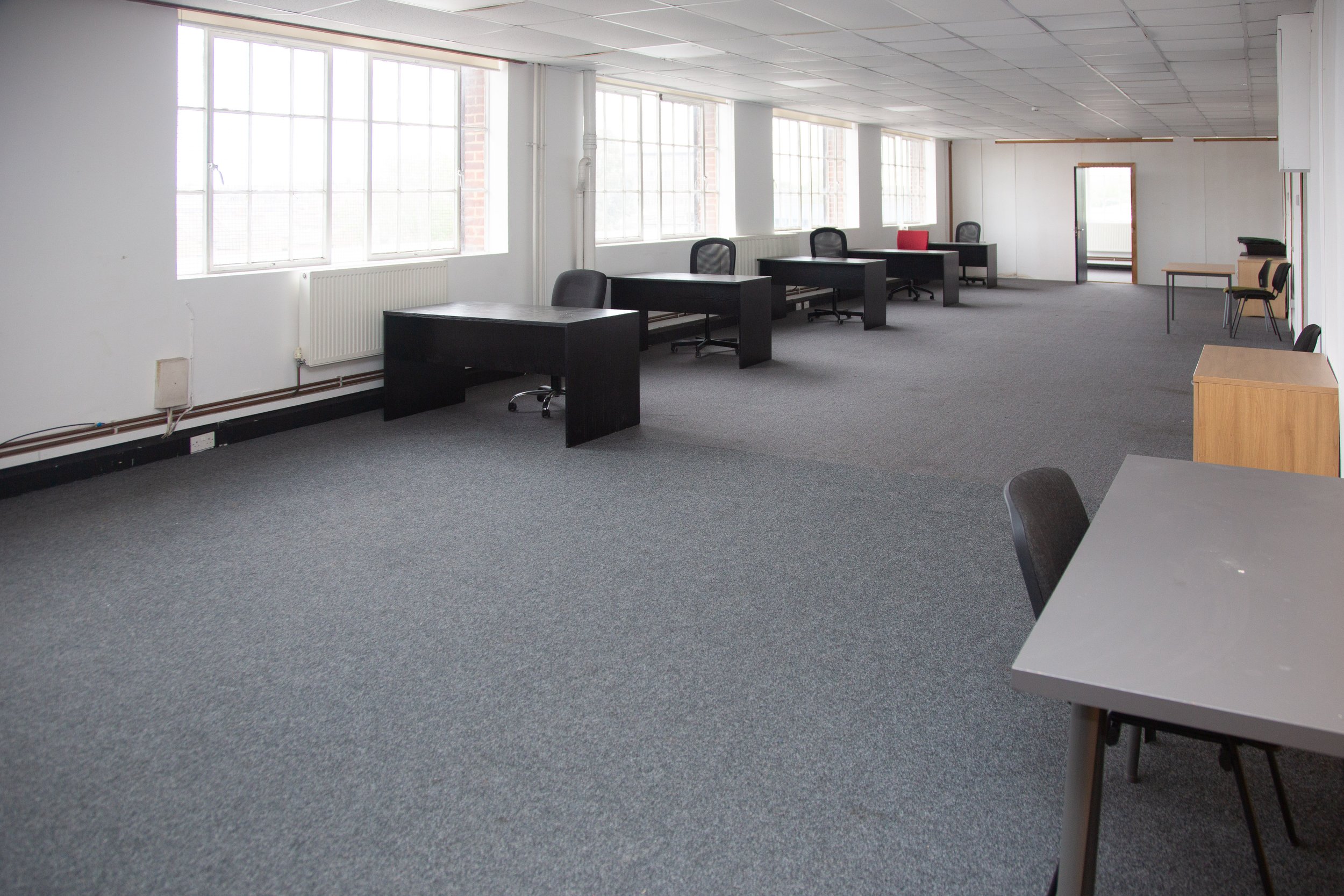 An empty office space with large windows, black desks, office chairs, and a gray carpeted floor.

--

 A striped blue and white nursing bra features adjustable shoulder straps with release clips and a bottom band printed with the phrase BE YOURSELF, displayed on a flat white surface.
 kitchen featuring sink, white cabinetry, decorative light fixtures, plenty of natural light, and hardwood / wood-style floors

:: The task ::
The lines to return are those holding the string "white" anywhere in the listing above.

:: Answer ::
 A striped blue and white nursing bra features adjustable shoulder straps with release clips and a bottom band printed with the phrase BE YOURSELF, displayed on a flat white surface.
 kitchen featuring sink, white cabinetry, decorative light fixtures, plenty of natural light, and hardwood / wood-style floors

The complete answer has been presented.